Pop Goes the Icy Lid 

The remote tundra of western Siberia looks like the planet has burst from beneath its own skin. 

Giant craters – some more than 150 feet deep and almost 100 feet wide – scar the Yamal and Gydan peninsulas, the result of explosive methane eruptions that have puzzled scientists for more than a decade. 

Now, new research has revealed what’s really happening beneath Siberia’s permafrost. 

In their study, lead author Helge Hellevang and his team found that these so-called gas-emission craters (GECs) form when heat and methane rise from gas reservoirs buried deep beneath the Siberian ground, traveling upward along fault lines until they hit frozen soil. 

These gases collect beneath the permafrost in pressurized pockets, sealed off by a thick, icy layer that acts like a cork in a bottle – until it finally gives way in a massive explosion that hurls debris hundreds of feet into the air and leaves behind steep, cylindrical voids. 

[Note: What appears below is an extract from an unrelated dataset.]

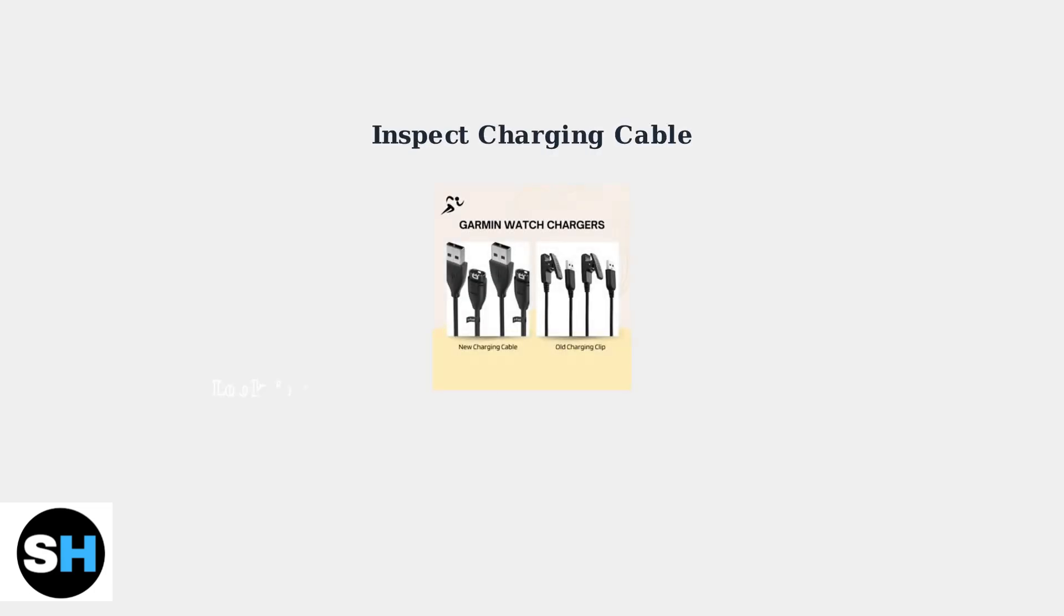Next, inspect your charging cable for damage such as broken or missing pins. Check for any visible wear or corrosion on the connector.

Hellevang and his colleagues reviewed both Russian and English-language studies on the craters and used computer models to simulate how they form, according to New Atlas. 

Their findings showed that the fault-riddled terrain allows deep gas to seep upward, accumulating in cavities just below the permafrost. When warming temperatures or nearby lakes thin the frozen seal, the trapped gas suddenly bursts through with explosive force. 

Since the first crater’s discovery in 2014, anywhere from eight to 20 have been identified across the two peninsulas. But these scars don’t last long.  

“These craters degrade quickly into lakes as they melt or fill with water, so it is possible that we have not noticed all of them forming before they degraded,” Lauren Schurmeier, a researcher at the University of Hawaii who has published a separate study on the phenomenon, told the New York Times. 

The new study also explores the role of climate change in forming these craters, according to the authors. 

Warming doesn’t directly cause the blasts but primes the landscape for them by thinning frozen ground along fault lines and creating weak spots above trapped gas. 

“This suggests that GECs can potentially also form elsewhere, but require connection to natural gas generation and accumulations below continuous permafrost,” the researchers wrote.